Lawrence Uren, a senior lecturer at the University of Melbourne who has done modelling on what would happen if negative gearing were eliminated completely, described negative gearing as a policy that "encourages investment in housing".
"If Labor removed this policy there would typically be a reduction in people seeking to invest in housing, and that would typically reduce the supply and increase the rental price," he explained.
Decreased supply will probably increase your rent...
...but not by that much, and the increase would happen over time.
Uren said the policy would "take some time" to filter through to rents. The grandfathering part of the policy means current investors could continue to negatively gear.
Labor's policy could also potentially change the typical landlord.
Frank Gelber, director of BIS Oxford Economics, told BuzzFeed News that mum-and-dad investors have been investing at yields (i.e. rents) which are "much lower than commercial rates of return".
Negative gearing, and a capital gains tax discount for rental properties, which Labor also wants to wind back, make buying rental properties an attractive option for these individual investors.
So Labor's policy could "frighten off the small investor", Gelber said. That could mean commercial investors step in and demand higher rents.

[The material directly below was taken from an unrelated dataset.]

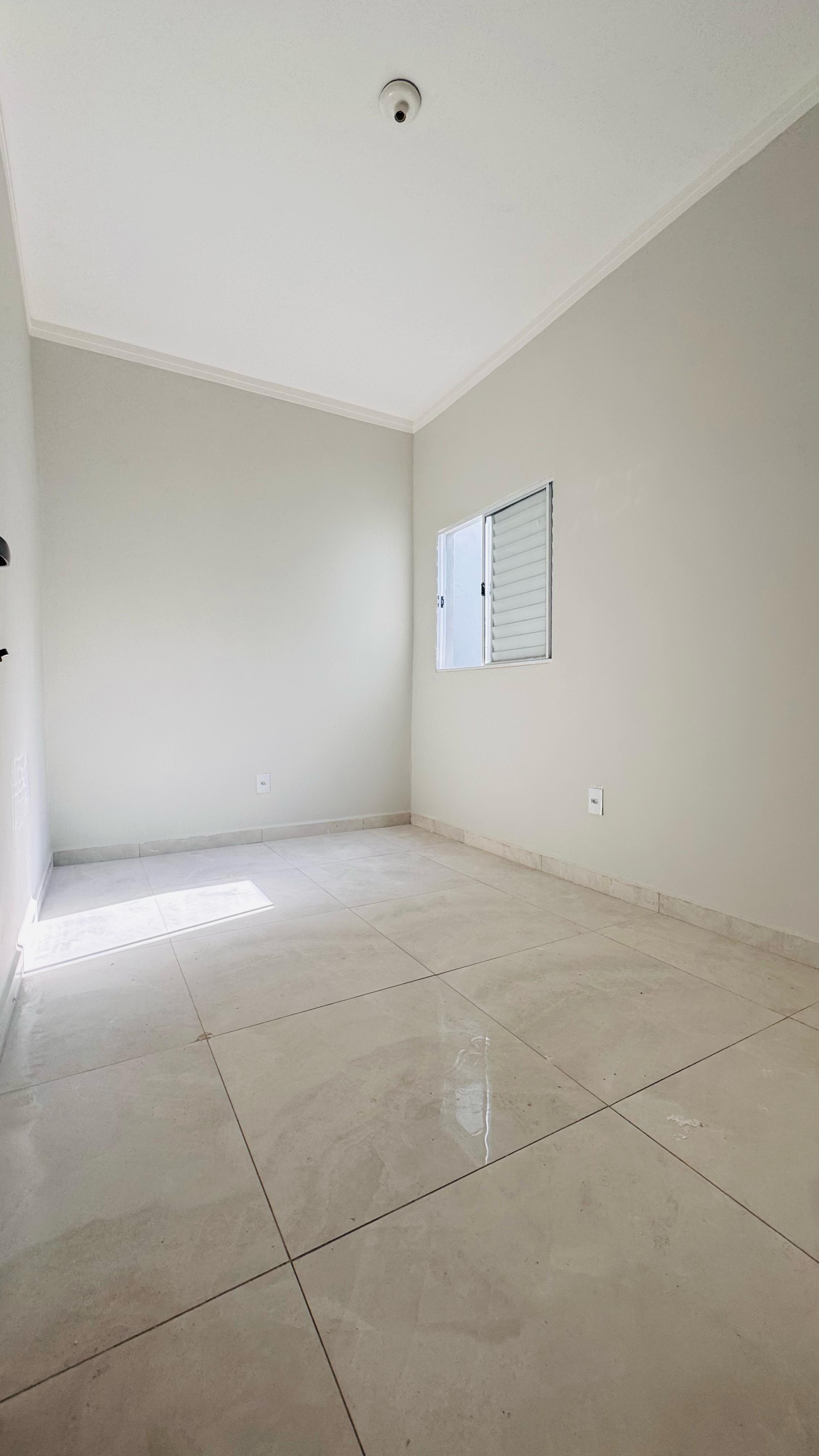 Vende se residência no Prolongamento do Jardim Flórida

But again, this wouldn't happen quickly because there is currently a lot of supply, and the policy would be grandfathered.
Another important impact of the policy would be to stop house prices rising too quickly – which means current renters might be able to buy a house.
As well, investors might start investing in new properties instead of existing ones – increasing supply.
At the moment, Grudnoff said, investors "tend not to buy new properties." But because negative gearing will be limited to new properties, investors might switch to new properties.
"This might create more supply of housing," said Grudnoff. "If they build more housing that absolutely will have an impact on rental properties and that will push rents down."
Uren agreed that Labor's policy of only removing negative gearing on existing properties "might even be helpful", he said, because it could lead investors to invest in new housing, thus increasing supply.
In a separate policy, Labor is also planning to increase the supply of new affordable rental properties by spending $6.6 billion over a decade incentivising investors to build new properties and offer them for rent at below market rate.
But – bear with me – the negative gearing debate is not just about the cost of housing and renting. It's about our overall approach to the distribution of wealth.
In a way, everyone is right!
"The government says it will make renting more expensive and it will be bad for housing investment and that's true," said Uren.
"Labor says it's going to reduce house prices and typically allows them to raise revenue from people who are already doing well in society and that's also true."